Cheers, Mike Adamson

Friday, March 10, 2017

Recently Completed: Fujimi 1:72 A-7A Corsair II

I can’t believe I haven’t touched this blog in six months!!! I guess I’ve been preoccupied with my writing blog “The View from the Keyboard” which I’ve been pursuing as an adjunct to trying to build a career as a science fiction writer – give it a look, I can promise some great reads!

But what about “World in Miniature?” I certainly don’t want to abandon it, and was today amazed to find I failed to post about my last completed build. With writing and teaching last year I only completed four models, the last of which was a classic Fujimi 1:72nd scale Corsair II. The interesting thing about this project was the circuitous route it took from origins to completion.
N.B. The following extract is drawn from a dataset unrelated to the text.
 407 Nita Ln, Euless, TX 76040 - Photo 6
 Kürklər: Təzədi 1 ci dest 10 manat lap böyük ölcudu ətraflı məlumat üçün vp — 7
The kit was bought bagged on eBay, the Testor edition of the A-7D, and I ripped into it with plans for my first four-tone South East Asia camo job since I was a kid. I have the Model Master Acryls for all shades lined up and was ready to do a hard masking job with broad Tamiya tape (while really hoping AML will continue to expand their line of vinyl camouflage masks to take in subjects like this.) Well, she was a bit of a challenge at the build stage, that two-part intake trunk/lower fuselage called for some careful alignment and elbow-grease to reduce the seams, but overall it went well. I read in an online review that the wings of the Fujimi Corsairs fit with such precision you can complete them separately and mount them after painting, and this eased masking considerably so I gave it a whirl. It more or less worked but the alignment of wings to fuselage, compounded relative to the ground by the inexplicably skewed stance of the landing gear, ended up being far from correct – I just don’t look at her from nose-on, if you know what I mean.

But, and here’s the big but, when Testor packed the kit they included the small sprue of Navy parts instead of the specific USAF parts (differences in landing gear and, most visibly, the air refuelling system.) Bang went plans for a –D in camo… The obvious solution was to use the Navy parts, making her indistinguishable from a –A airframe and finish her in Navy markings, which at last gave me the chance to dip into my massive Superscale collection from long ago.

I picked 72-332 CHECK and selected one of the three bicentennial schemes. The Gull Gray was Model Master, the white was Tamiya, plus Microscale clearcoats and decal chemistry, and the markings went on very nicely indeed – pretty good when you think this sheet might be twenty years old. Florey panel wash was trapped between clearcoats too, and I built her with mostly clear pylons, as this unit, VA-305, the “Lobos,” was stateside at Alameda in 1977 as a training and reserve unit, so while Corsairs were rarely seen without the full suite of underwing pylons, they were unlikely to be heavily laden in their role at that time and place.

It was a fun kit, if a challenging one, and I know there are shortcomings, the above-mentioned alignment issues high among them, plus a small antenna on the spine of the Navy bird which I was  not up to adding, and this aircraft should have had a small antiglare panel extending into the white radome area but I was not up to masking it. Hey ho, it takes a specialist to know.

I have many Fujimi Corsairs in the stash and look forward to building a collection, I have a great many decal sheets waiting to be used and my “sluf” shelf should be pretty spectacular in the end. I might build some assembly jigs to solve the alignment problems, and tackle the wings conventionally from now on.